- Required work:
Reply only with how many lines of the listing below hold the word "image".

*** Opening Data for the task ***

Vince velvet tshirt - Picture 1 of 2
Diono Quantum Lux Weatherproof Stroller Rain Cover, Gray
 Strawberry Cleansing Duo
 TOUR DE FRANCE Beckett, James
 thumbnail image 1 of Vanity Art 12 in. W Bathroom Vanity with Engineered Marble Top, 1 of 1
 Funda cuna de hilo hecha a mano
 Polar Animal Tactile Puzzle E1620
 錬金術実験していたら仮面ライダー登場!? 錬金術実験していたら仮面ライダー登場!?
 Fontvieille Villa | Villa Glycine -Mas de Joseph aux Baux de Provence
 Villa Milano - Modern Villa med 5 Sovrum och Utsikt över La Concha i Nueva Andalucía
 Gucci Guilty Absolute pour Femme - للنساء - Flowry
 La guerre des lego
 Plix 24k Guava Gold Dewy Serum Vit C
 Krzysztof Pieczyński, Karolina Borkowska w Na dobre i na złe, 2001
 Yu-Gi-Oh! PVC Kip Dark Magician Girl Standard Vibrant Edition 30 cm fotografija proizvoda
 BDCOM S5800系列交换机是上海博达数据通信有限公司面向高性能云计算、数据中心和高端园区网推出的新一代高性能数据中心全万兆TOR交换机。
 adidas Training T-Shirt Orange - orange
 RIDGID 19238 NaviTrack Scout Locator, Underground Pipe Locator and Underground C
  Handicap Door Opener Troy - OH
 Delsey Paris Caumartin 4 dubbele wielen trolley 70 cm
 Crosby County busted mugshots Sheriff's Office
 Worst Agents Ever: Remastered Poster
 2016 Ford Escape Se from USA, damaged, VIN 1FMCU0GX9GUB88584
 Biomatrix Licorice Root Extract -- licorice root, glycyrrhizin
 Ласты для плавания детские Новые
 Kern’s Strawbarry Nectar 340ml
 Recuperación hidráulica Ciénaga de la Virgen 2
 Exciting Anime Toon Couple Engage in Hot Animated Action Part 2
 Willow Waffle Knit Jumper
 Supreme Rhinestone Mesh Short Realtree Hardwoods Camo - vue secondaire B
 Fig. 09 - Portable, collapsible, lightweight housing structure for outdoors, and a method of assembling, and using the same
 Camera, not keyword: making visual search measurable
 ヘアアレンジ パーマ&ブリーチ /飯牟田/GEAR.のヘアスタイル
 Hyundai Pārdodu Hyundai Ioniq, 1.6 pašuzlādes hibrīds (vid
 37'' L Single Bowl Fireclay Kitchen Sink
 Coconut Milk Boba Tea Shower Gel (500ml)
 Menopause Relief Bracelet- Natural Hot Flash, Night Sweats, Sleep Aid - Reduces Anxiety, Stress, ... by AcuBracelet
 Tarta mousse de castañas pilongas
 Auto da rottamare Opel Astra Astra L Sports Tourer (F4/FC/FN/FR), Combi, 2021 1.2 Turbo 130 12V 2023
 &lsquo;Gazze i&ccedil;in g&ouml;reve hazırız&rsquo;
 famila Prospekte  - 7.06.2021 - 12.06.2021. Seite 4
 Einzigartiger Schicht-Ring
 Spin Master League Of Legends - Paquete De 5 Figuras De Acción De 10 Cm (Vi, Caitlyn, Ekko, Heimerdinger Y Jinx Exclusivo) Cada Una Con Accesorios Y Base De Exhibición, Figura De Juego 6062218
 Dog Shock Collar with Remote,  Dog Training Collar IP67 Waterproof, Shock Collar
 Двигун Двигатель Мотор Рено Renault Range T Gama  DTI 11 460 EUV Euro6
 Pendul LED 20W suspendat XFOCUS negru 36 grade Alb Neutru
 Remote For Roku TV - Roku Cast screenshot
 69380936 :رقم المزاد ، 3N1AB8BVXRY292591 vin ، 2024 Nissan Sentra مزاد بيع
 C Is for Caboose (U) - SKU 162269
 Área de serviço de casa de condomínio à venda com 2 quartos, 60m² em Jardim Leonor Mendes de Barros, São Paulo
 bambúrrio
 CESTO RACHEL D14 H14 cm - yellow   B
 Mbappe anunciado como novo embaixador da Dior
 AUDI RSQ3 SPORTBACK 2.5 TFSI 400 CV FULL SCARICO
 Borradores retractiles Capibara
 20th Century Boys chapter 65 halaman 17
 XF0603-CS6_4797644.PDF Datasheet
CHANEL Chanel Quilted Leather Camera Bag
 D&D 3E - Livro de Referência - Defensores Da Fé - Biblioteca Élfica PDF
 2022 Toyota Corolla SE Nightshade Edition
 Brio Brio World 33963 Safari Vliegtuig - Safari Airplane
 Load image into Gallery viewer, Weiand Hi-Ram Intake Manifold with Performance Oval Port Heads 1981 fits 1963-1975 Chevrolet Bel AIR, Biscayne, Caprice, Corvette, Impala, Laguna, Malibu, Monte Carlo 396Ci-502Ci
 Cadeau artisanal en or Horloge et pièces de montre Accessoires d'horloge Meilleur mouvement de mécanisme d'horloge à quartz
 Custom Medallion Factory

*** Closing Data for the task ***

- Output of the exercise:
2